What is the issue or problem addressed in your research?

Mutations in the DMD gene cause two muscular disorders, the severe DMD usually associated with stop mutations and the milder BMD. However, stop mutations within the first exon of this gene lead to a very mild BMD due to production of a nearly full-length and functional protein.

What methodology did you use in your research?

Cloning, molecular and cell biology, virus (AAV) production and exon-skipping will be used to achieve this study, as well as transdifferentiation of patient fibroblast into muscle cells.

What are the purpose/rationale and implications of your research?

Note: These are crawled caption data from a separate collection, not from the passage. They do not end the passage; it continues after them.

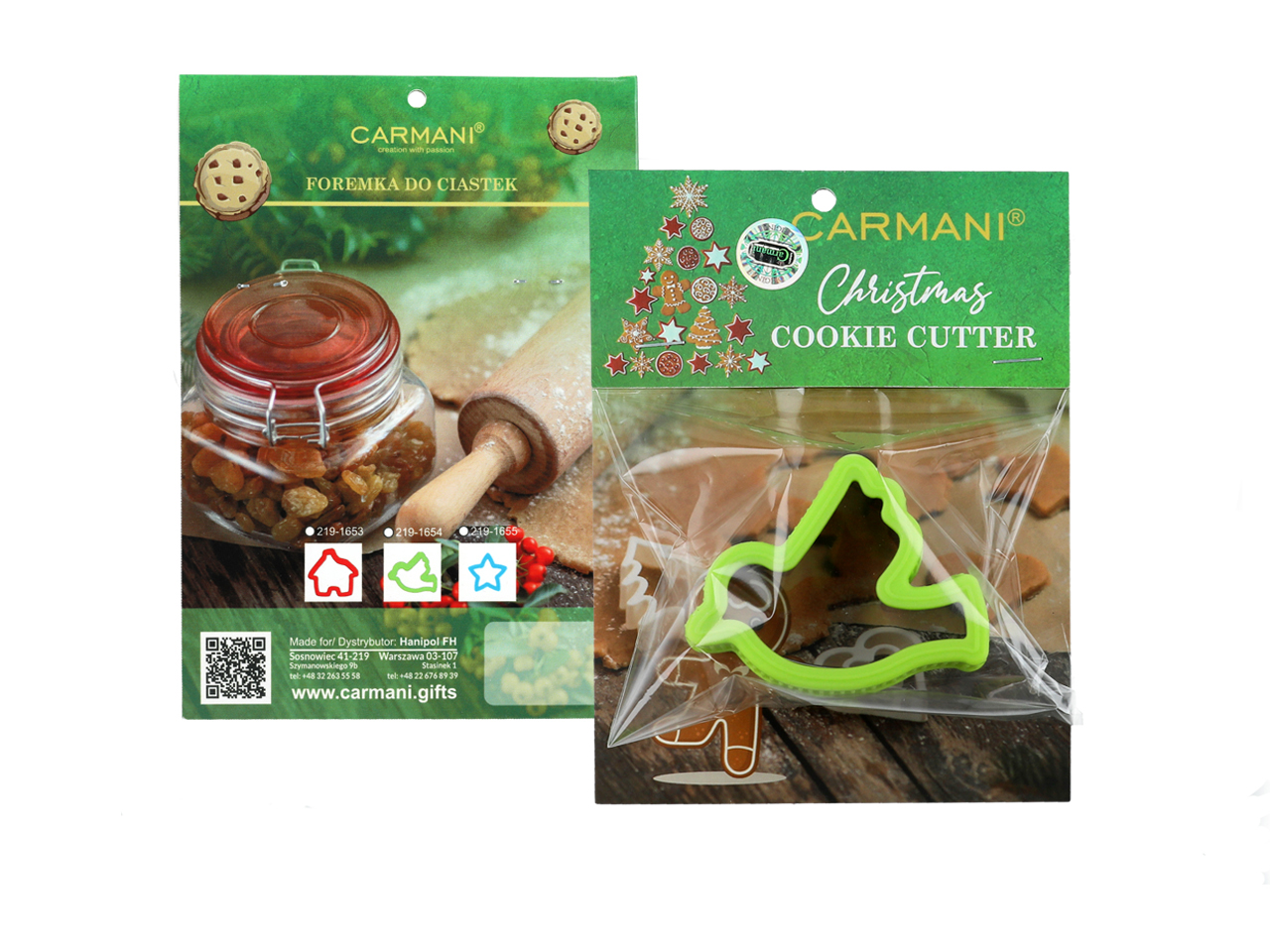 6e8e32d59570a325a92322ec4bf162a9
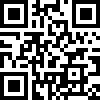 https://isna.ir/xcXjkL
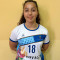 Foto de Lola Muruaga García
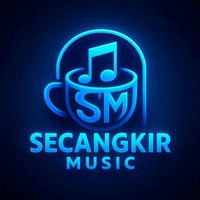 suara asli - SECANGKIR MUSIC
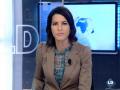 Noticias en Libertad 15:00 horas - 18/01/11 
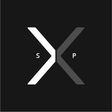 Icon of program: SmartPixel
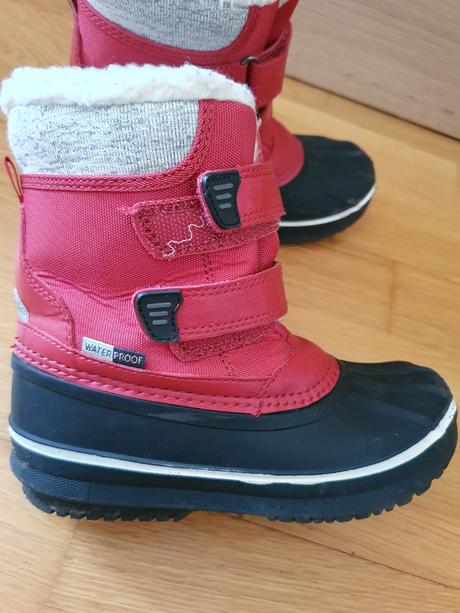 Zimne snehule 28-29, 29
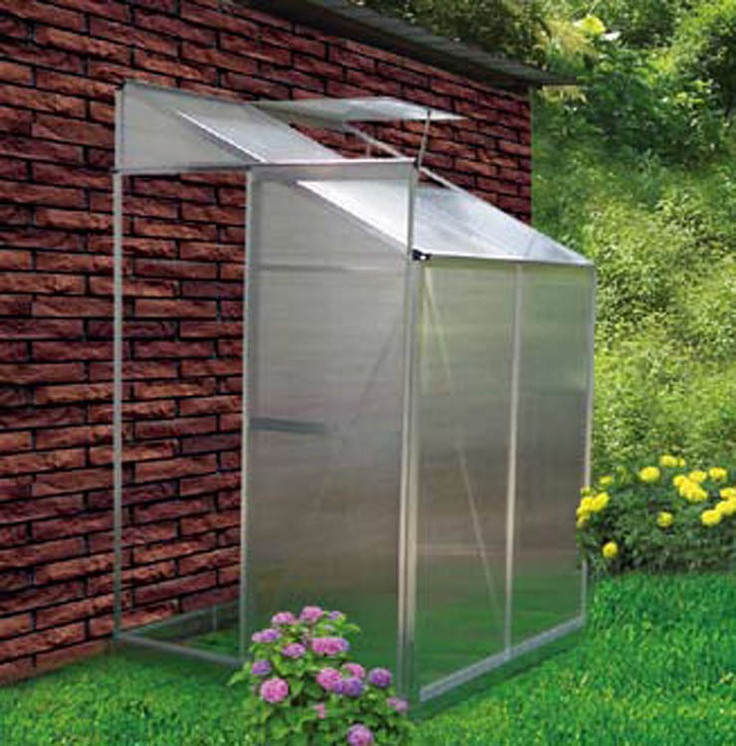 Best ideas about Greenhouse DIY Kit
. Save or Pin 17 Best ideas about Lean To Greenhouse Kits on Pinterest Now.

This innovative project is of particular interest since it is the first time that an IRES element has been identified in the DMD gene, and interestingly, it seems to be active only in a muscle-dependent manner. In addition this project is a perfect example of an emerging research area, called translational research that is based on understanding pathophysiological processes by studying patient phenotypes according to their mutations. This had previously allowed to develop pertinent therapeutic strategies and according to our promising preliminary data, could again lead to an innovative therapeutic strategy (ies) that might be applicable for patients carrying mutations in exon 1 to 4. Finally, these results also underline the potential existence of another functional isoform of dystrophin, translated only in conditions of cell stress, as during muscle regeneration or after glucocorticoid treatment. This work presents an entirely new concept in the dystrophin field, and should serve as a catalyst to the DMD and basic muscle biology research communities in the search for meaningful therapies.